Pombo, 46, "strengthens our ability to serve clients on a variety of issues, ranging from natural resources and energy to a host of regulatory matters," Pac/West president Paul Phillips said in the release. "Richard's vast knowledge of the political process, his high-level experience in Washington, D.C., and extensive contacts makes for a powerful combination."
Defenders of Wildlife President & CEO Rodger Schlickeisen, whose organization's lobbying arm helped lead the battle to unseat Pombo last year, said he's not surprised to see Pombo land this job "with the special interests because, as far as we're concerned, that's where his heart and his mind resided anyway."
"It does challenge the notion that he kept trying to instill in his constituents ... that he was not a man of Washington, that he had not bought into the establishment, that he was not in bed with the special interests," Schlickeisen said.
"So, I join a firm that is headquartered in Oregon that specializes in working with grassroots groups, and that proves I am a man of Washington? That is patently ridiculous," Pombo retorted Tuesday night. "And this comes from a man who is headquartered in Washington, who lives in Washington, who rarely ventures out of Washington.
"What I will be doing is primarily working with grassroots groups doing strategy and organizing, looking at a lot of the issues that I worked with in Congress resource issues, agriculture issues," Pombo added. "What I'm doing really doesn't involve lobbying Congress."
Pac/West executive vice president Tim Wigley is a former timber-industry lobbyist and state Republican Party executive director in New Mexico and Mississippi.
While at Pac/West, Wigley directed the Save Our Species Alliance, which worked "to promote common sense, balanced and scientifically-supported changes" to the Endangered Species Act "to make it more efficient and effective in recovering and saving species at risk." That was the stated goal of Pombo's legislation, which passed the House in 2005 but stalled out in the Senate last year; critics said it would gut the law's protections. The Alliance remains listed among Pac/West's clients.

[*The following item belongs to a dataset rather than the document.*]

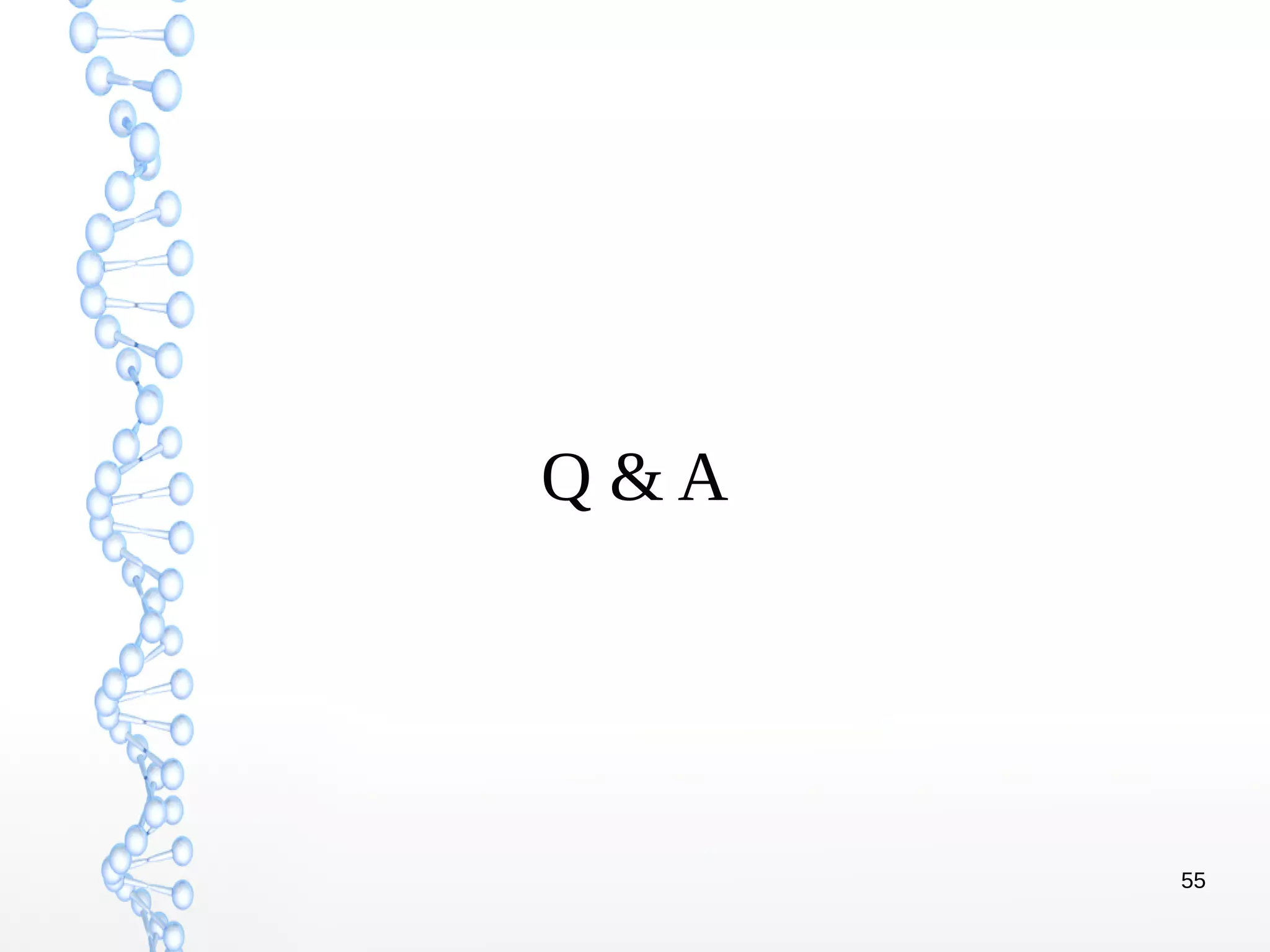 55
Q & A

Wigley also led Project Protect, which lobbied for President Bush's Healthy Forests Initiative. Pombo helped steer that package through Congress in 2003; critics saw it as a giveaway to big timber interests. Pombo in 2004 recommended Wigley for the Forest Resources Association's "Forest Activist of the Year" award in November 2004.
And Pac/West Communications last year won a $3 million contract with the state of Alaska to coordinate a campaign for opening the Arctic National Wildlife Refuge to oil exploration; Pombo has supported ANWR drilling.

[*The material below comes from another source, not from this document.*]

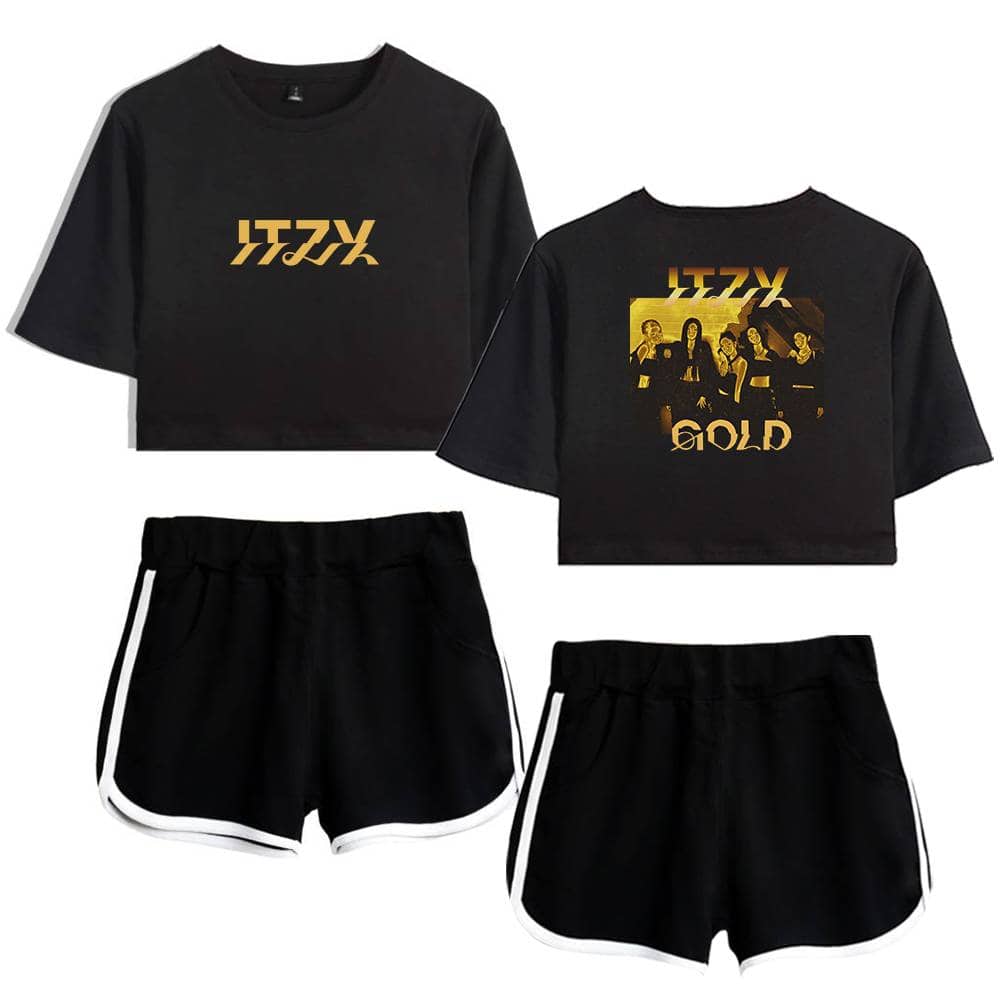 Itzy Gold Tracksuit #2 + Gift - Image 2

Pac/West earlier this month hired Pombo's former chief of staff, Steve Ding, as a vice president to launch a Sacramento office. Pombo said he'll split his time between Sacramento and other Pac/West offices. "It's been very nice to be home a lot more," he said. "I've been back to D.C. several times, but it's on my schedule now."
Asked what Pac/West is paying him, he replied with a laugh, "I'm doing OK." And asked whether he might run to regain his seat in 2008, he replied, "I haven't decided on that, that one's still open, but I will be spending a lot more time in California than I was able to before."
Federal law prohibits former members of Congress from lobbying Congress for one year after leaving office; former senior Congressional staffers are banned from lobbying their own former offices or committees for a year.